SP: So the dance company is a mixed ability dance company. Do you have to take additional considerations to accommodate for that?

RV: Yes—they have to be simple costumes that can easily be put on, because some children have difficulty in moving arms, and getting trousers on is always difficult. So we often work with the mixed ability we often have one color base underneath, so we wear black jazz pants, a black leotard or a black top, some of the students who—the boys wear black tops and some of the girls who find leotards too difficult to put on and off. And then for the 'Kaleidoscope,' I had an asymmetric one—shoulder tunic, that just went on over the head and one arm and I couldn't believe how effective it was in different colors, it was just so effective, and so easy—really easy to use. Tie-tops are very good, so you've got just two sleeves and it ties at the front, cos then it will fit a small person and it will fit a larger person, cos you can just adjust it with tying the knot tighter. And the boys—often we need to cover up so the base is good, having the black base with long sleeves is good. We've had a girl lately who had to wear, like a corset. She had a back problem and she had to wear this heavy corset which she was really sensitive about, so we've got leotards with high backs, and she wore a tie-top when she was performing, which made her feel more comfortable. But I have to say that they are very good actually. They do, they love wearing costumes, they love dressing up, and they love being all the same, so that's really satisfying when you see everyone working together and enjoying it together.

SP: The company often dances in unconventional spaces such as Ely Cathedral, sometimes we do outdoor performances, and often the dancers are dancing on stages that they have not come across before, if you go and do a performance in a new theatre. So how do you accommodate for the variation in venues and lighting and not knowing how the costumes will be seen—if they will be seen from one meter away if you are doing an outdoor performance, or from way back at the other end of the theatre, or in a huge space like the cathedral?

RV: I try and pick colors—quite strong colors—and a lot of the fabrics have a sheen on them, or there are some wonderful net meshes that have glitter all over them—they are just gorgeous, and they've, the joy is that they look different in every different setting. The cathedral gets a lot of light, and so you—often—they pick out a lot—I try to have costumes with a bit of sequin on them so they will reflect the light. And I do use, I sometimes go for tones of a color, or I mix up—with dance you need unless you are doing all white costumes—pastels don't work for dance unless it's, you know, it's the Royal Ballet and they are on the stage with all the wonderful lighting. But you stay clear of pastel colors so you probably, you need the primary colors, and I try to stay away—we try to stay away—from black because it gets very very tedious. And people like to wear, people like to see colors and people like to wear colors. We've also been quite mindful of, we don't use that much red, cos red is a color that is difficult for some people to wear. So the blues seem to suit—and also yellow.
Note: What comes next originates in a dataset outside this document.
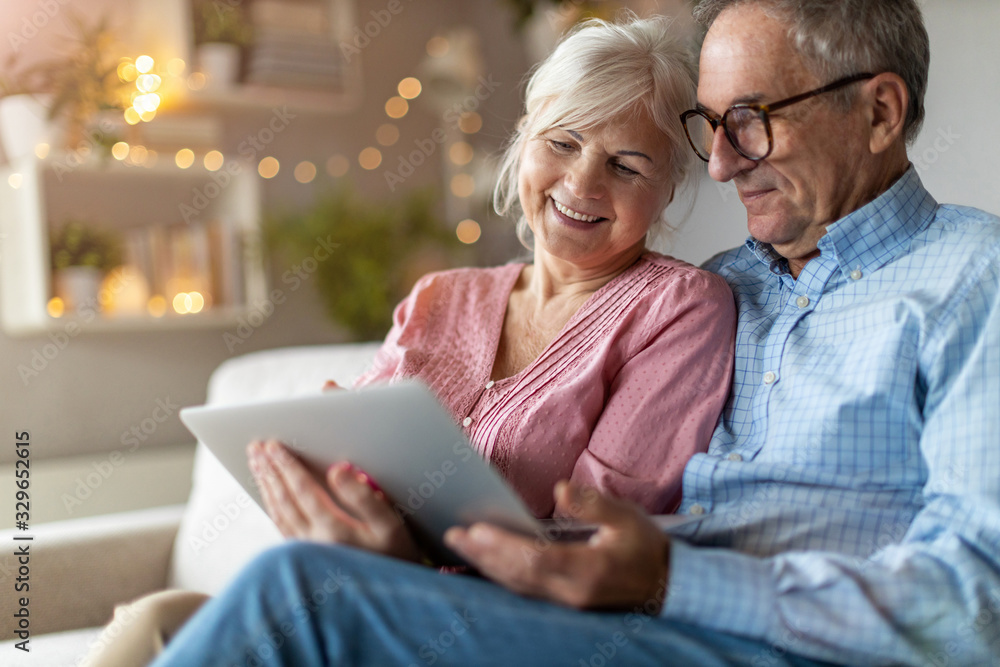 Mature couple using a laptop while relaxing at home Mature couple using a laptop while relaxing at home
Red and yellow are quite difficult for people's coloring because they can be difficult colors. So Helen and I do discuss that. But sometimes I am inspired, sometimes I find some fabric that is really interesting, or, and then you can mix it with other fabrics and create, you can layer colors and get different effects when people are turning, or, so you are bearing in mind movement in costume as well, to create a different look.
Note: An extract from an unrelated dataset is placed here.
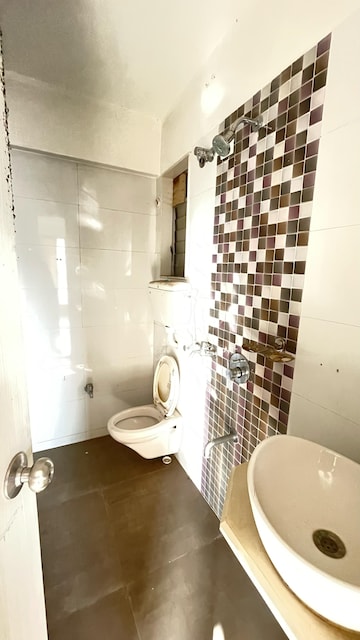 Bathroom in 1 BHK Apartment at Unique Signature Mumbai, Mira Road – for Rent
SP: I am interested in movement myself, actually. As somebody who dances yourself, and often dances in your own costumes, how do you think about movement when you are designing. Is it important that you know what the choreography is like? Do you work from the music? So what inspires you about a costume and how do you accommodate for the movement?

RV: They're all important. They're all part of my consideration, the Philip Glass piece which I think you did?

SP: Mmhmm, yep.

RV: Which was all about water. I found some fabric which was like, which had been dipped in—a blue fabric which had sequins on it and the sequin fabric wouldn't have moved well on its own, and I wanted, I wanted to get that movement when we were turning, that movement of water, so I made a tunic, and asymmetric tunic and I made wide leg trousers which had the volume in them, and they were in a softer fabric, so, although you had the glittery top bit, you had the movement on the bottom. Also you need to consider, you want costumes to work for more than one piece, so with those costumes we used the trousers with a plain leotard for something else, and we used the tunics on their own with flesh-colored tights for a more contemporary piece which also looked very good. They have to be comfortable and they have—unless it's a tutu or unless it's a corset—they have to be loose-fitting, because obviously you do not want to be restricted when you are dancing. You need a costume that is going to work with you. It is useful to have a dress rehearsal because obviously we are not used to having to wear long skirts or something like that. If you are kneeling down you need, you end up kneeling on your skirt and you can't get up again, so things like that come into consideration. But that's part of rehearsal. I think from where I'm coming from, and Helen as well, we wanted to go into more romantic, classical dresses, flowing dresses, volumes of fabrics. Which do really—people—the feedback we get is lovely actually, they love it, they love the femininity, especially the girls in lovely flowing skirts and also when you are doing some of the choreography that has all those turns in. So when we wear all those dresses, all those skirts, you get this wonderful volume of fabric that moves with the dancer, just creates an added something for the eye, which is so much more interesting than having somebody in a black all-in-one—which has its place—but if you are dealing with quite different sizes as well, so you are not going to want to put a girl in a white all-in-one and she's large, its not fair, and it's—so we are very conscious about having costumes that are suitable for the people who are dancing it, the dance itself, and the music, and the choreography. So it is all considered.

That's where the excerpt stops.